My main artistic role on God of Blunder: Ale in Asgard was to produce all of the User Interface mechanics, as well as the menu and tutorials. Here I’ll explain a little bit about the thought process that went behind the development.
Aside from small asset art, I designed all the UI mechanics and tutorials, including the inventory, menu, verb icon and cursor.
Basically three major necessities propped up between myself and the others when designing UI; the first being readability with the player’s eyes, the second being intuition with the player’s touch on the iPad, and the third being context within the game.

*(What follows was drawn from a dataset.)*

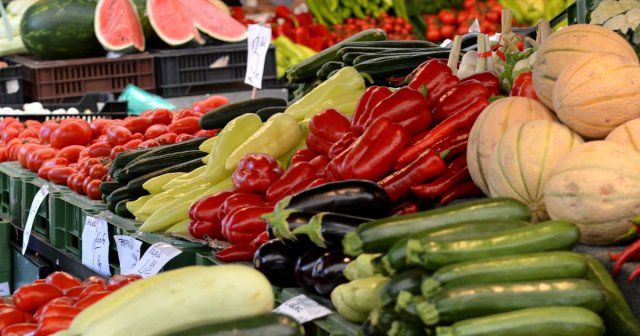 Из-за непогоды в Херсонской области сгнил урожай: подорожают ли фрукты и овощи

Readability was an obvious one; the players need to look at the screen point blank and almost instantly recognise what each of the UI elements represent. Symbols played a huge role in achieving this. The inventory carrying all of Oster’s items actually takes the form of Oster’s backpack as seen in his character design. Likewise, the menu icon shaped as a helmet carries an image of a ‘list’, which is commonly associated with a menu. All these icons had to be readable against the background and distinctive as UI, hence why they have a slight black alpha backdrop behind them.
Intuition became an importance that actually saw a lot of redesign of things like the verb icon. When the player selects an option from one of the three verbs on the viking longboat, nothing of importance may be shown underneath that button, or else the player’s hand will cover it. This is also why the information bar was placed at the top. The longboat provided an option where the player can move their finger side-to-side to choose verbs rather than up and down, as was in older versions. All the icons and assets in the game had to be at least the size of the point of an index finger. Also, we did notice with our PC demo, that gliding the cursor over items could reveal descriptions about them, however since the iPad does not utilise a cursor, this mechanic had to be replaced by holding a finger to the screen.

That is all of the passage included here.